This the book that started it all! All the vampire movies and all the vampire books that came after were inspired by what Bram Stoker wrote way back when. It dawned on me recently that even though I have read many other books about vampires, I had never actually read this Classic.

And now, I know why.  It is not an easy read! I usually fly right through a book once I have started reading it, and this one took a long time. It is not written in a narrative format, but rather, in a series of letters and journal entries written by each of the characters.
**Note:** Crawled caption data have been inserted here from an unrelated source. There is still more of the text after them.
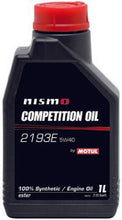 Load image into Gallery viewer, Motul Nismo Competition Oil 2193E 5W40 1L - Corvette Realm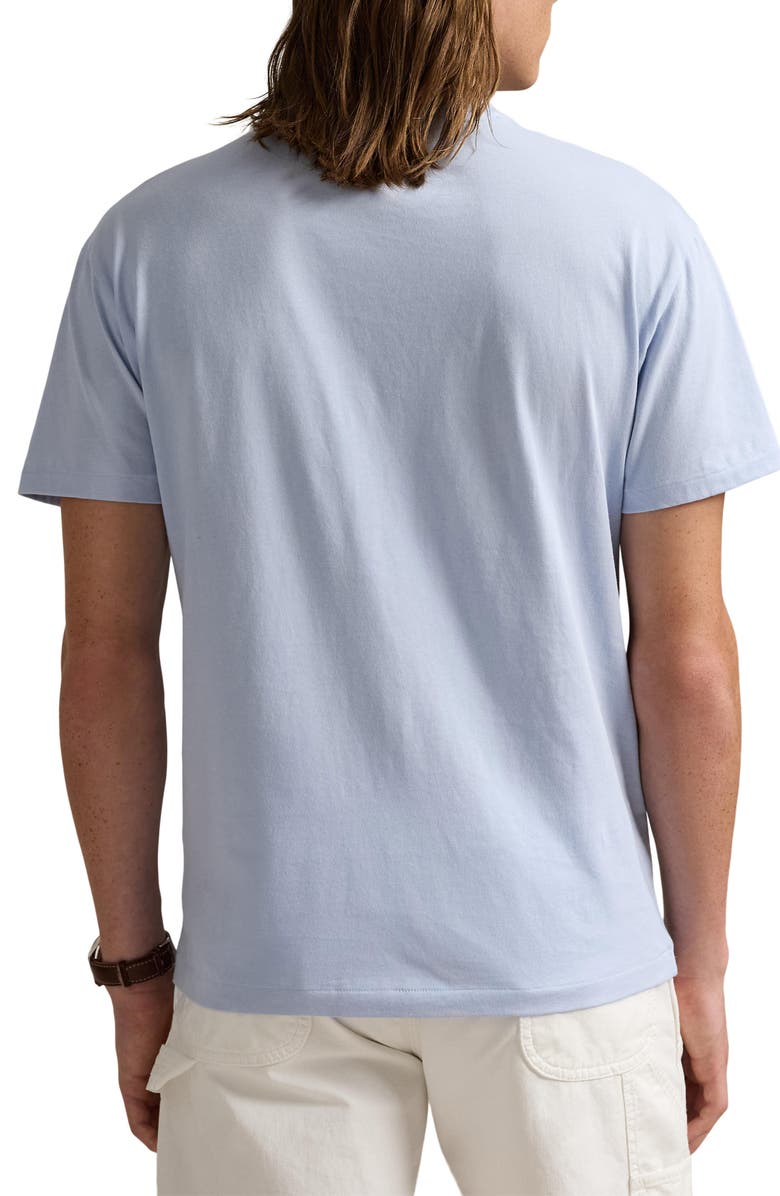 Polo Ralph Lauren Classic Fit Jersey Crewneck T-Shirt, Alternate, color, 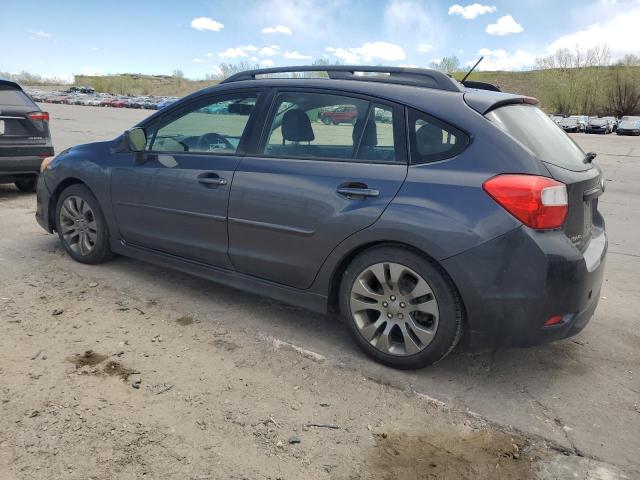 SUBARU IMPREZA SP 2014 charcoal  gas JF1GPAL67E8243058 photo #3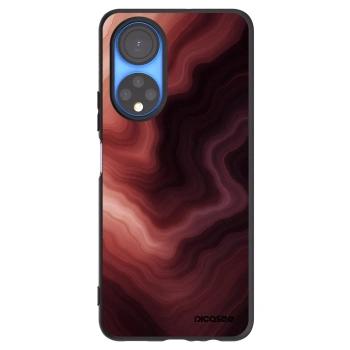 Picasee silikonový černý obal pro Honor X7 - Rouge
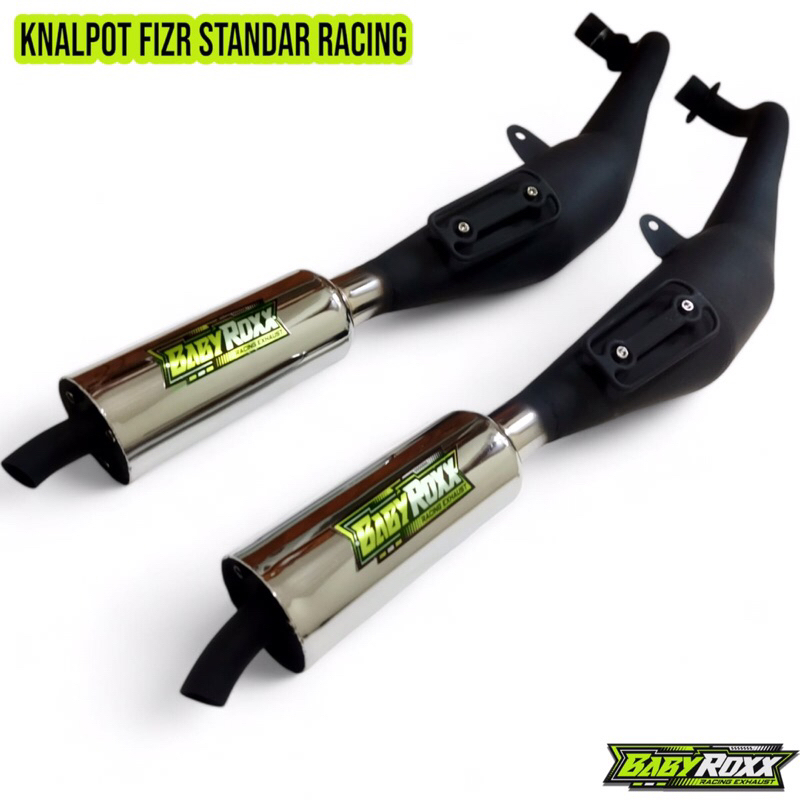 Knalpot Fizr Standar Racing Suara Garing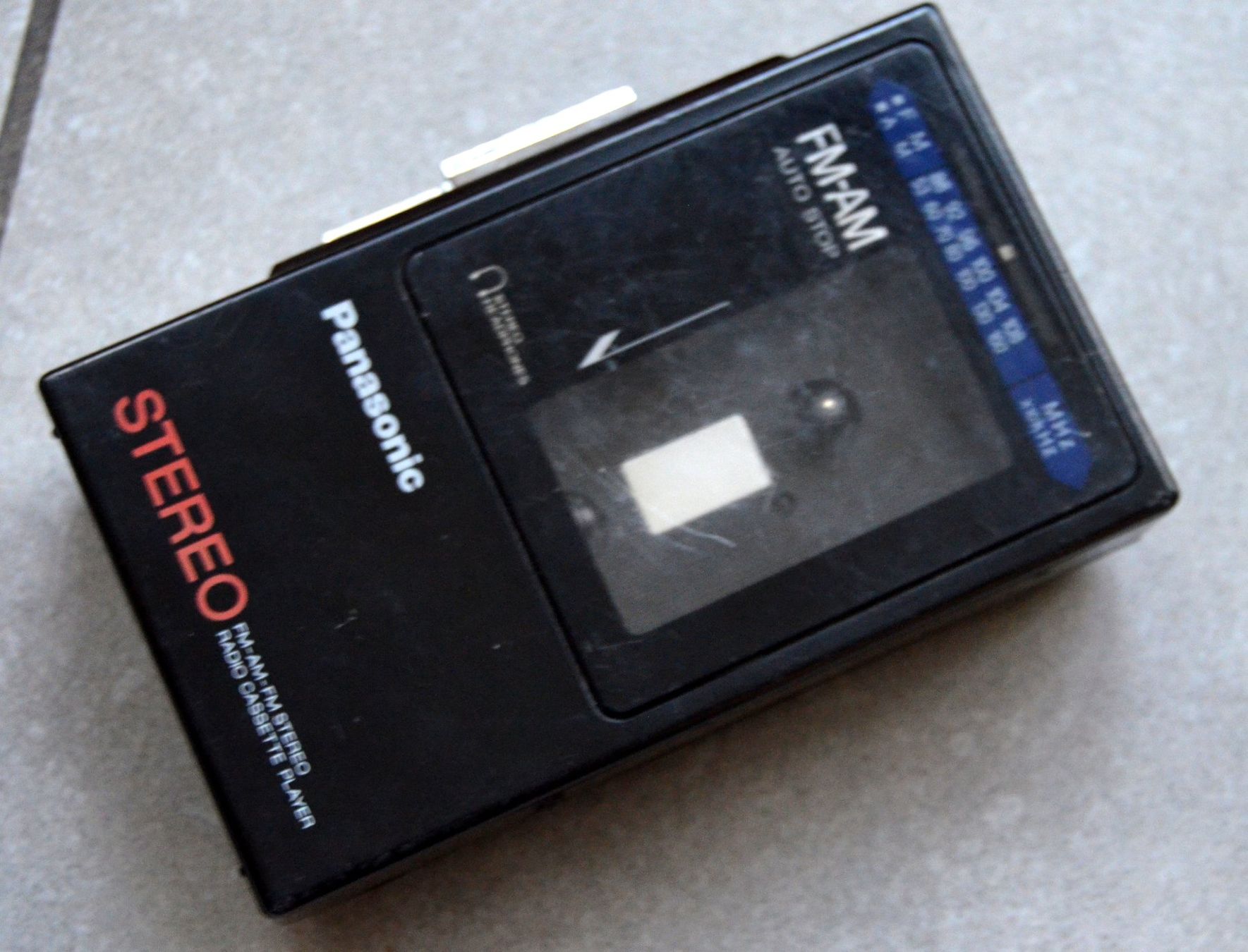 Panasonic Tragbarer Mediaplayer: Panasonic RX-1925 Walkman – Gebraucht aus Collonges von arashee 1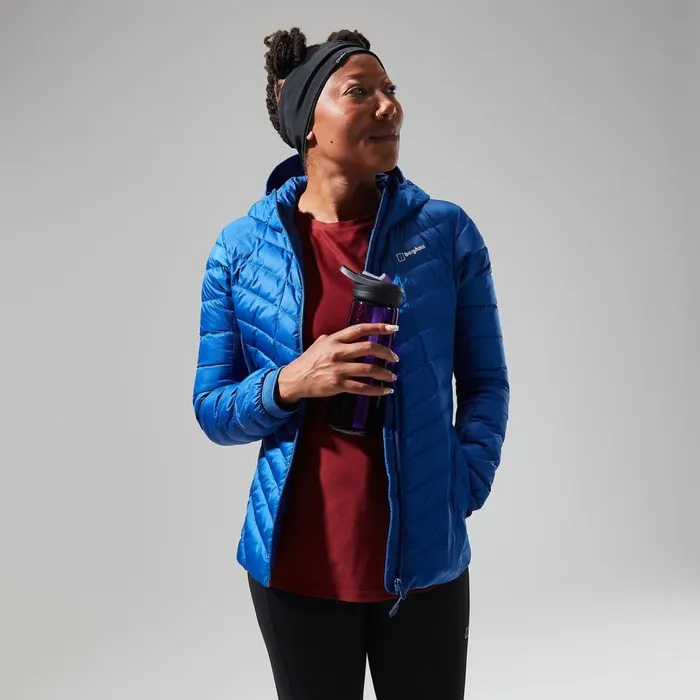 Insulated Women Berghaus Tephra Stretch Reflect Jacket 8211 Blue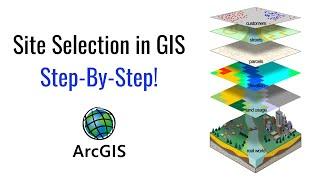 How to Perform Raster Site Selection/Suitability Analysis in ArcGIS? A Complete Tutorial.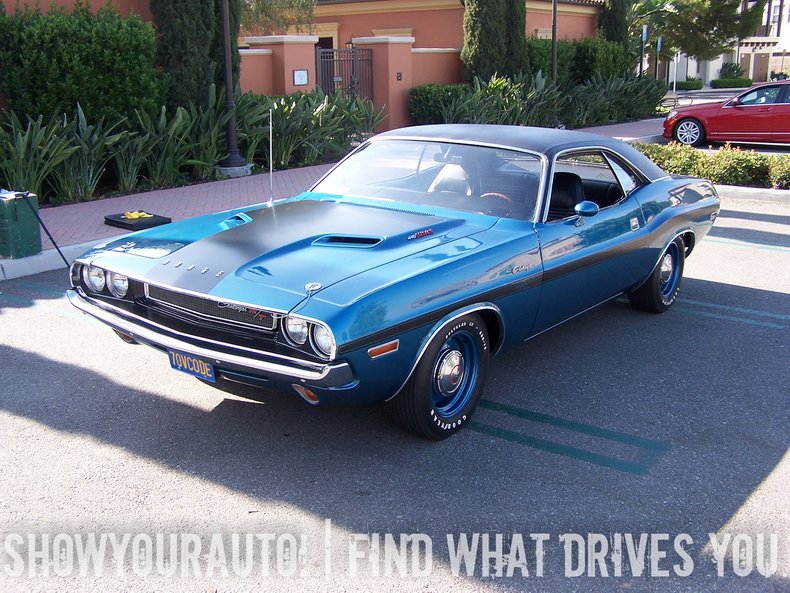 1970 Dodge Challenger Rt 440 Six Pack For Sale 94705 Mcg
Some characters know things that the others do not, and that makes things a bit confusing. The letters and journal entries are written in a loose chronology, but not exactly. The reader ends up jumping back and forth in time in places, and sometimes ends up reading the same event twice from different characters points of view.

To add to the complexity, Stoker has included many incidental characters, who all seem to speak a different form of slang English. The words themselves are confusing, and there are apostrophes appearing in odd places. Some I could figure out, such as when the text said ‘ouse, I knew it meant house. But other words were a mystery.

There is a point in the story where one of the characters that is difficult to understand is describing a storm at sea, and a boat affected by it. There were sailing terms and weather terms that were unfamiliar to me, and I ended up having to go back and reread parts just to figure out what the heck was going on.

The copy of Dracula I was reading is a Barnes and Noble Classic, and has notes in it to help describe many things in plainer English. The notes were especially helpful when Stoker was referring to different countries and cities in Transylvania, and naming off different groups of people who lived there. None of that was familiar at all. The notes also make it more clear when Stoker has his characters using railroad stations in England, some of which I was familiar with, others I had forgotten the name of.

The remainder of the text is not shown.